## What you will do
This task calls for copying every line in the data below that contains the word "Oversized".
**** Source records
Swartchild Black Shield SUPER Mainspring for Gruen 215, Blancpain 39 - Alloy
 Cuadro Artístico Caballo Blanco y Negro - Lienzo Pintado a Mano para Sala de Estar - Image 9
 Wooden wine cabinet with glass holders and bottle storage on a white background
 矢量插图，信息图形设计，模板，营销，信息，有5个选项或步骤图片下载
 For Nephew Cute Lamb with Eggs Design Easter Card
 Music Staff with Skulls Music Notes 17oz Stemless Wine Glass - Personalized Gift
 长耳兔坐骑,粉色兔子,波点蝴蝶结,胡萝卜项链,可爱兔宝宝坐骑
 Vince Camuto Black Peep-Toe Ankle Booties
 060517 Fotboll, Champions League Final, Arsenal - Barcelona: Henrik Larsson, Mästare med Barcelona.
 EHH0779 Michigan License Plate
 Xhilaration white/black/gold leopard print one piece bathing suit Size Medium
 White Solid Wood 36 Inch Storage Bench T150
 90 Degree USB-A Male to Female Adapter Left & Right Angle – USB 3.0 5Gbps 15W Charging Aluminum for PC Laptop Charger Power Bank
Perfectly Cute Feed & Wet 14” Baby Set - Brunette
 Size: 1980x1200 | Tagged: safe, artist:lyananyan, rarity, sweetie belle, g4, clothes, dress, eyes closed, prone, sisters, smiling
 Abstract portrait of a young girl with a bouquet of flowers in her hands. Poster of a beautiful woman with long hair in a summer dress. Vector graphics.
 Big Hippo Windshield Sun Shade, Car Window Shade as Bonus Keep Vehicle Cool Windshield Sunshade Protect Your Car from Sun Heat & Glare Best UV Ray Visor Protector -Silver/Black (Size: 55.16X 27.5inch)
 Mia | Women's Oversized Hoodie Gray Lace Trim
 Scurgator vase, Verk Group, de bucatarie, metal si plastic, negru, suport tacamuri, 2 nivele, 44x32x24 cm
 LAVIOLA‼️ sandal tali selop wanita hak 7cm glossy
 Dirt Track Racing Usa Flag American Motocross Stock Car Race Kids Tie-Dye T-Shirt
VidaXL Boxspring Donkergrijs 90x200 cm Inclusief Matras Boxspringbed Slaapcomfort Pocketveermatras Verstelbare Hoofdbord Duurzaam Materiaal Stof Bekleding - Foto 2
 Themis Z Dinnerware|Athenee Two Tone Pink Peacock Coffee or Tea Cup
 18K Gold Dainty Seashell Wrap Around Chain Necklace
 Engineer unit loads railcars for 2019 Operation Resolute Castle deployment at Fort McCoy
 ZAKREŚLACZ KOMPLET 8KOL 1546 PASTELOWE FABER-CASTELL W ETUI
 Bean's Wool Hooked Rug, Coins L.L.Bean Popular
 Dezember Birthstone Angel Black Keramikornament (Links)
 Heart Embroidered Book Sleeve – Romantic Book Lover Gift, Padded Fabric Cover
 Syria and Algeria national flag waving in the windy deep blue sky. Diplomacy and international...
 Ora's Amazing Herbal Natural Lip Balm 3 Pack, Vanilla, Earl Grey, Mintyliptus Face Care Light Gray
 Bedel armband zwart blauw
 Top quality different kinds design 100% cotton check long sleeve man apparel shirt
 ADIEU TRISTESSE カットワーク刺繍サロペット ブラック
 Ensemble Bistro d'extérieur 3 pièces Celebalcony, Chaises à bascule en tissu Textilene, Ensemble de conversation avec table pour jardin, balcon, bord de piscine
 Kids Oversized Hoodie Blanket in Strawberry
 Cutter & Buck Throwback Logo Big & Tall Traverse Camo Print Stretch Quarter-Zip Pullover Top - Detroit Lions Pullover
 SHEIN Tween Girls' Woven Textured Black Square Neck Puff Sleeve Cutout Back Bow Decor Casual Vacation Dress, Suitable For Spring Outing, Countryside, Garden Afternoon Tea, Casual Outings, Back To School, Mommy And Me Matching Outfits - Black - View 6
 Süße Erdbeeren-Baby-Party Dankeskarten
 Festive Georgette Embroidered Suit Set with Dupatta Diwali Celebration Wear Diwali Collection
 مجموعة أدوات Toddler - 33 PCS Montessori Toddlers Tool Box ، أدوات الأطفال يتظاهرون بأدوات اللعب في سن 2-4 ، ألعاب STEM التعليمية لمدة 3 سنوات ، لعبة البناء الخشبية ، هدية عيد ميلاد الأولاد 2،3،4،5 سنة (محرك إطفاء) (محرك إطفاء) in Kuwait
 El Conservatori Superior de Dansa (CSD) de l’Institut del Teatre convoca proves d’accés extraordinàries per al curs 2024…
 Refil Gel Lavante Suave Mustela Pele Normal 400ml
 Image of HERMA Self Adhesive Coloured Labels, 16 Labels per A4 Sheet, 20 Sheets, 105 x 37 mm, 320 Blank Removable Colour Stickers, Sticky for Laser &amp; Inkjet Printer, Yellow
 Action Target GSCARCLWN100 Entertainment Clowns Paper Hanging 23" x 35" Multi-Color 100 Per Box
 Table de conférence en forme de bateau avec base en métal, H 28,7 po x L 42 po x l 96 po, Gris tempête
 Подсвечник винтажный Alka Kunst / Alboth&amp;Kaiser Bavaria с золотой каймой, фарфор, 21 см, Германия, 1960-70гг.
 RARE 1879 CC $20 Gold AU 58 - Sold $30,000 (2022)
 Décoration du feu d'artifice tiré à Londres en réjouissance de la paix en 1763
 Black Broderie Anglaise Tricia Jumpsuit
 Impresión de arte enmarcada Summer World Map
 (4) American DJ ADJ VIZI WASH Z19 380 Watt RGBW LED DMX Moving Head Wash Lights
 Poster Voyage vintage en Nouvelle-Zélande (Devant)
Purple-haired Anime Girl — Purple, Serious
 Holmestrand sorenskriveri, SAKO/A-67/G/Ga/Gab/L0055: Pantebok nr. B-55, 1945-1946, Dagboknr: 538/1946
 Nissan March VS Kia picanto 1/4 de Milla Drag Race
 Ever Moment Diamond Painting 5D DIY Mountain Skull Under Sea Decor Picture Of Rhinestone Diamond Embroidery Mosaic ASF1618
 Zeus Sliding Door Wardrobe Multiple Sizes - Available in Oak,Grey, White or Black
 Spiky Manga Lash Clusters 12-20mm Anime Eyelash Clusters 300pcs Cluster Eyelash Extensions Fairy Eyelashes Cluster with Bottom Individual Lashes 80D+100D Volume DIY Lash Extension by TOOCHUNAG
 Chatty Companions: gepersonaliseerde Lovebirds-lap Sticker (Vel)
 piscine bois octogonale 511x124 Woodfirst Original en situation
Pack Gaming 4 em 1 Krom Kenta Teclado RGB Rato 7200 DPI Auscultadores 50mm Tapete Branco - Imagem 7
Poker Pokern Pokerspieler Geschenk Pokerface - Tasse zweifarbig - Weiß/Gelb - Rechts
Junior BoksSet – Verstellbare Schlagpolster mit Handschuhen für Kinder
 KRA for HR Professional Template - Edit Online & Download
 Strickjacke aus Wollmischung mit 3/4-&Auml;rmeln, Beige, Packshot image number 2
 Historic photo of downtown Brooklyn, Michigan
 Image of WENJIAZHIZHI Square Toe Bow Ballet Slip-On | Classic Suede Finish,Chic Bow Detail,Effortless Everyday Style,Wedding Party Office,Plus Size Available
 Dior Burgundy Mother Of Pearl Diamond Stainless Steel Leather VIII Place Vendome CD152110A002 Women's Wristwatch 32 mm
********
## Solution to this problem
 Mia | Women's Oversized Hoodie Gray Lace Trim
 Kids Oversized Hoodie Blanket in Strawberry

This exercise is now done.